NASA's Parker Solar Probe Aims for Sun Orbit by 2018
NASA's Parker Solar Probe, the mission that will bring humanity to the sun, will be sending a spacecraft within 40 million miles of the sun's surface. To be launched in the summer of 2018, the project will be mankind's first trip to a star.
According to a report from NASA, the spacecraft that will be used in the mission has been renamed the Parker Solar Probe in honor of astrophysicist Eugene Parker. Parker is the S. Chandrasekhar Distinguished Service Professor Emeritus, Department of Astronomy and Astrophysics at the University of Chicago.

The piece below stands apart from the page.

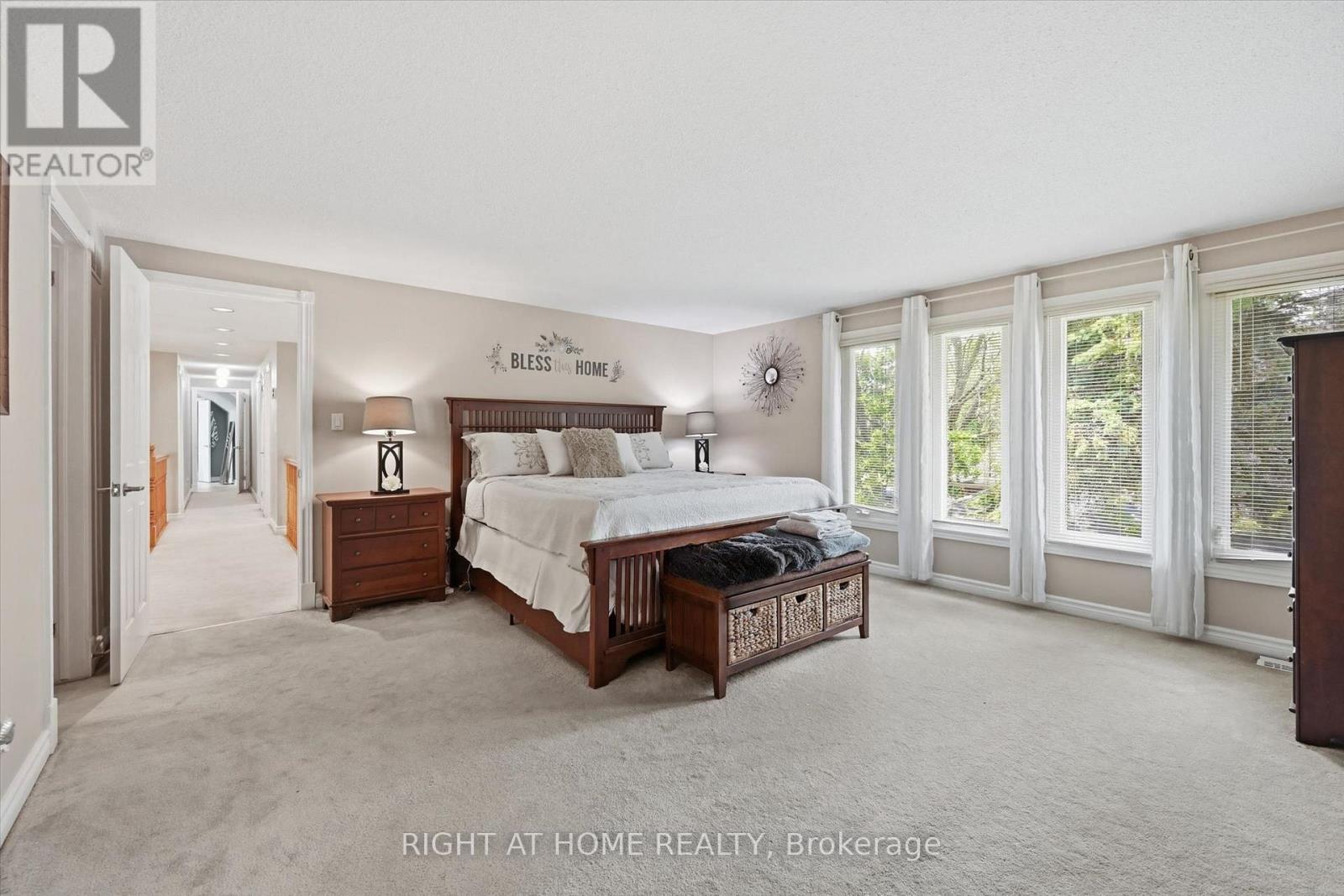 Primary BR w/ walk-in-closet, ensuite washroom - 1 Idared Road, Hamilton, ON - Indoor Photo Showing Bedroom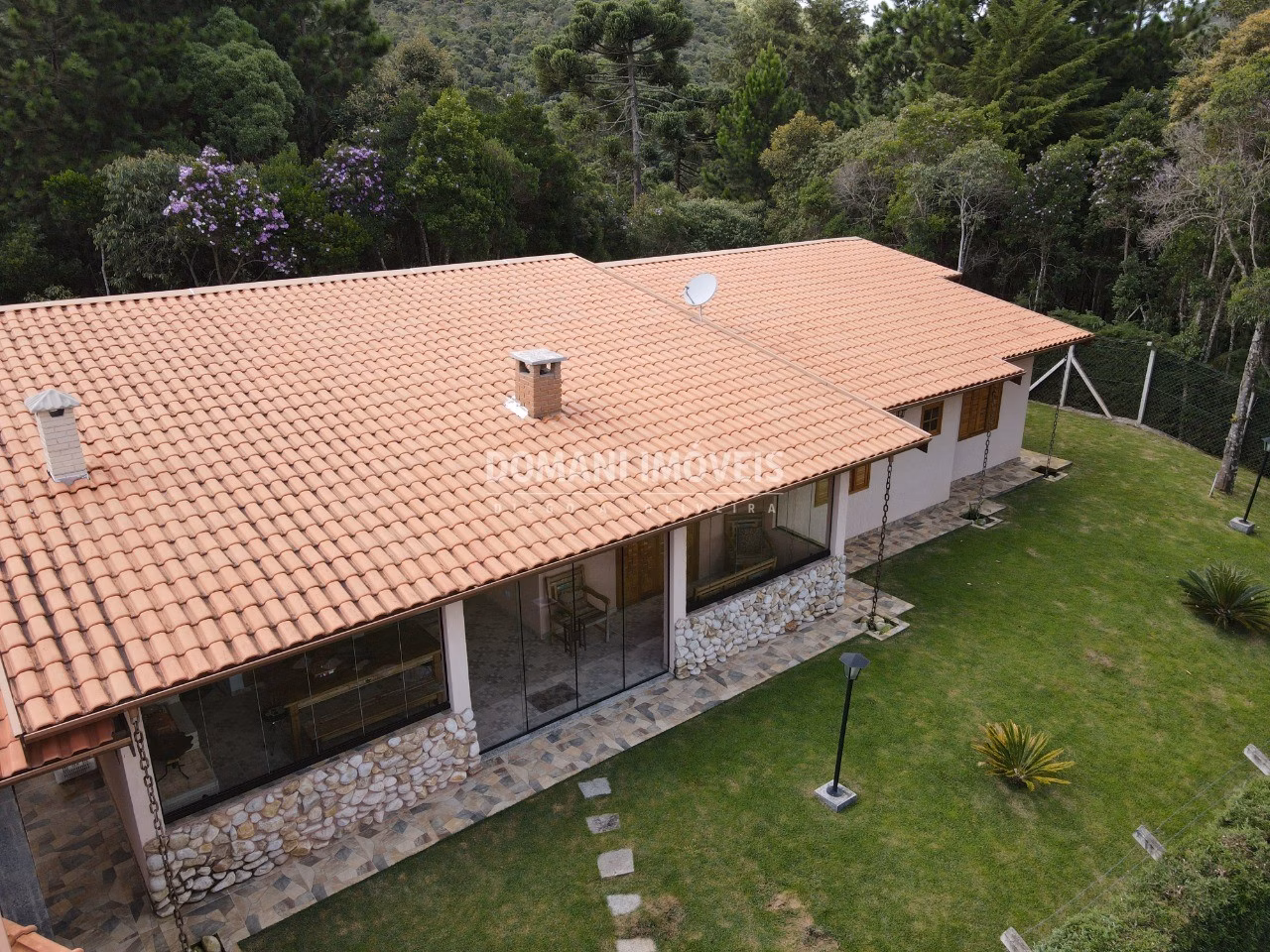 House of 4,000 m² in Campos do Jordão, SP, Brazil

Parker is known for publishing a breakthrough article on solar wind in 1958, which became a significant step in understanding how stars interact with heavenly objects. This event is the first time NASA has ever named a spacecraft in honor of a living person.
"Parker Solar Probe is going to answer questions about solar physics that we've puzzled over for more than six decades," Parker Solar Probe project scientist Nicola Fox explained. "It's a spacecraft loaded with technological breakthroughs that will solve many of the largest mysteries about our star, including finding out why the sun's corona is so much hotter than its surface. And we're very proud to be able to carry Gene's name with us on this amazing voyage of discovery."
This probe has been in the works since 2008 and seven times closer to completion than any other mission ever, according to a report from Gizmodo. Targeting the sun's outermost atmosphere or "corona", it's expected to collect valuable data on solar wind and space weather that can affect life on Earth.
"The solar probe is going to a region of space that has never been explored before," Parker said. "It's very exciting that we'll finally get a look. One would like to have some more detailed measurements of what's going on in the solar wind. I'm sure that there will be some surprises. There always are."